# [Task description]
Write out exactly the lines of the entries below from the one holding "胡蝶蘭　ミディー　ピンク　３" to the one holding "a bathroom with", inclusive, and leave out all other lines.

# [Data extract]
——————————

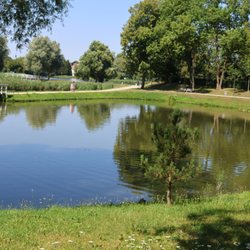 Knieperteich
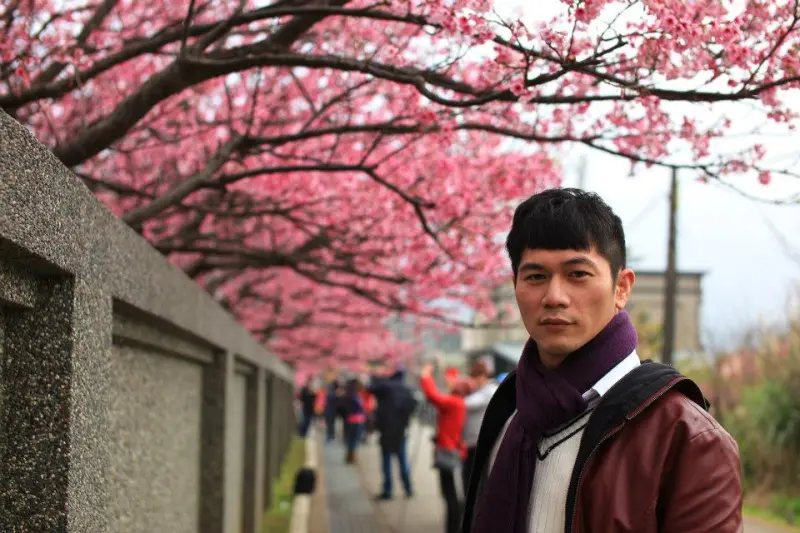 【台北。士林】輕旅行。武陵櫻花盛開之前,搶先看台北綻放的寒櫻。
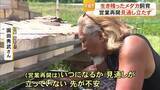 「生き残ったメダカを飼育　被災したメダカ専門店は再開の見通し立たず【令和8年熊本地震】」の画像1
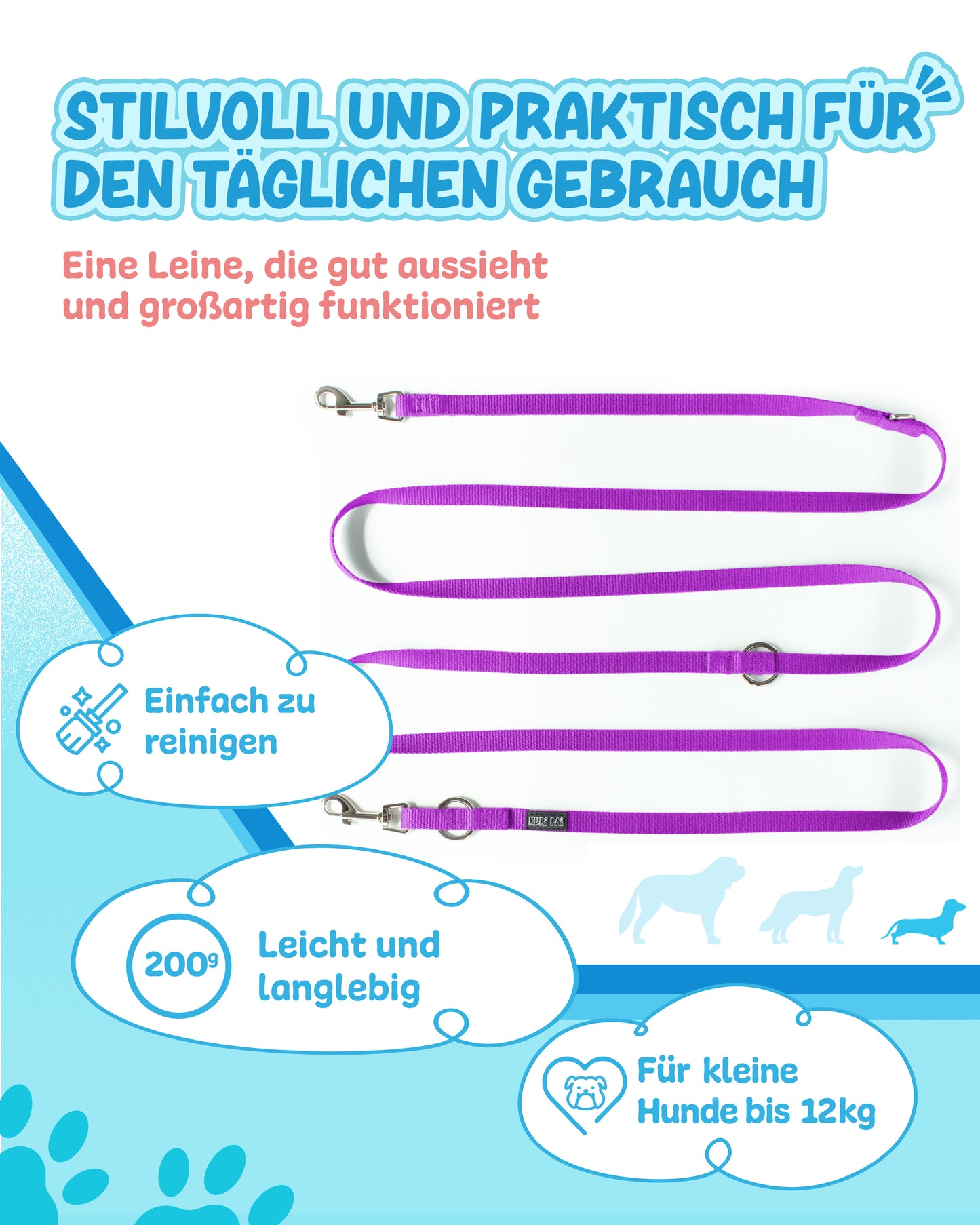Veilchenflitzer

——————————

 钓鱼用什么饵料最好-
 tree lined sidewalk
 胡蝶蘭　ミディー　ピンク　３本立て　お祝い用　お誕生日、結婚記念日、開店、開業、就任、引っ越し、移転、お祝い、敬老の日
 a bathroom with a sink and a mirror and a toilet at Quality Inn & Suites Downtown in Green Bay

——————————

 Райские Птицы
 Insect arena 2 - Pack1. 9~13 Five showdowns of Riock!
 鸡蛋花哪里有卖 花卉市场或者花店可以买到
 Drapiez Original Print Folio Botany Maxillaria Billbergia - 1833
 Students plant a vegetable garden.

——————————

# [Output below]
 胡蝶蘭　ミディー　ピンク　３本立て　お祝い用　お誕生日、結婚記念日、開店、開業、就任、引っ越し、移転、お祝い、敬老の日
 a bathroom with a sink and a mirror and a toilet at Quality Inn & Suites Downtown in Green Bay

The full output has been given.